(Stored dataset items)
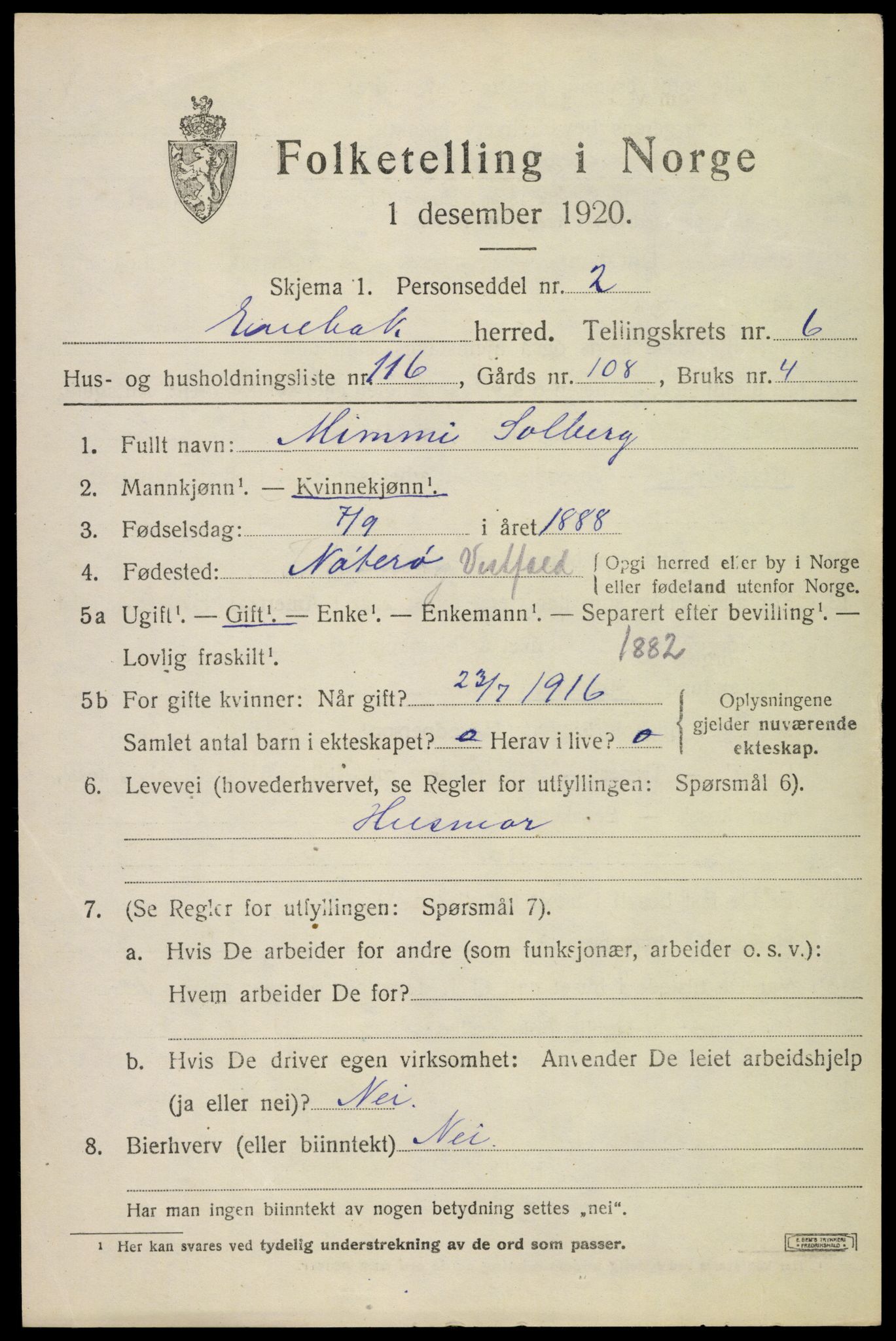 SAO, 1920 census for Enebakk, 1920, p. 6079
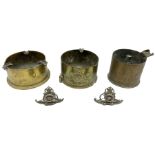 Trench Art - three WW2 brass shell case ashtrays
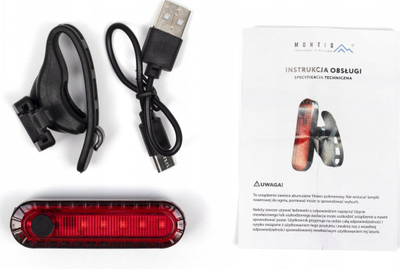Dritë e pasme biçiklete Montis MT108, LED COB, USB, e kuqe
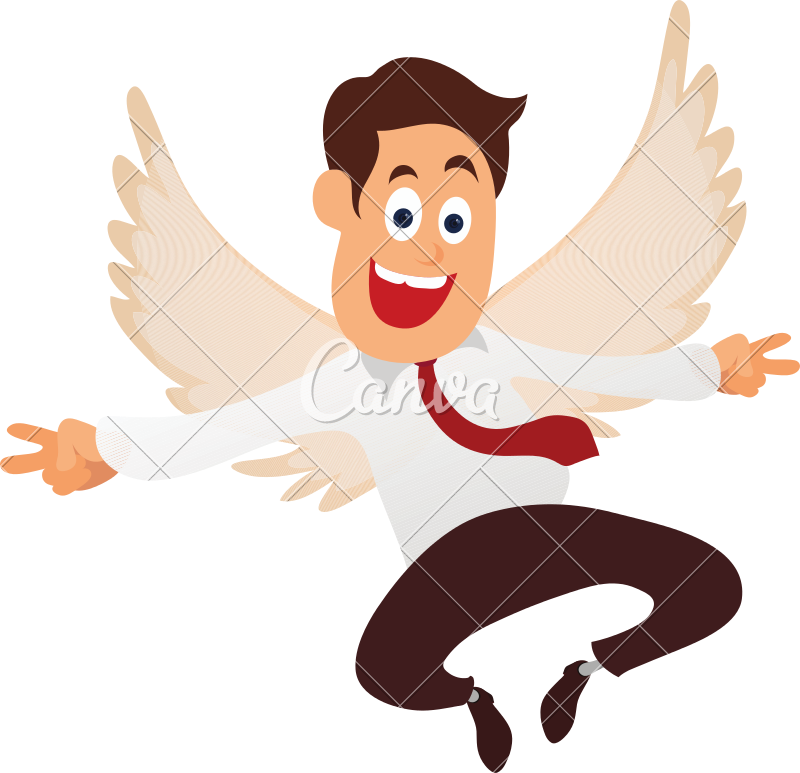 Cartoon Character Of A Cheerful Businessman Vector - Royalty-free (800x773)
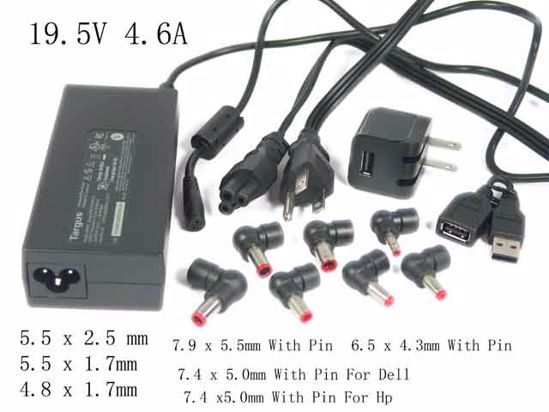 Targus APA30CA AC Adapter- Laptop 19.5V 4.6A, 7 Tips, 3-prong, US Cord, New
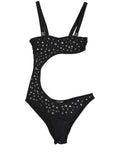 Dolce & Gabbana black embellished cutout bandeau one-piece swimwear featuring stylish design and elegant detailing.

PROBLEM REQUIREMENTS: An exact copy of all entries is needed, with no pictures in it.

TASK RESPONSE:
 SAO, 1920 census for Enebakk, 1920, p. 6079
 Trench Art - three WW2 brass shell case ashtrays
Dritë e pasme biçiklete Montis MT108, LED COB, USB, e kuqe
 Cartoon Character Of A Cheerful Businessman Vector - Royalty-free (800x773)
 Targus APA30CA AC Adapter- Laptop 19.5V 4.6A, 7 Tips, 3-prong, US Cord, New
 Dolce & Gabbana black embellished cutout bandeau one-piece swimwear featuring stylish design and elegant detailing.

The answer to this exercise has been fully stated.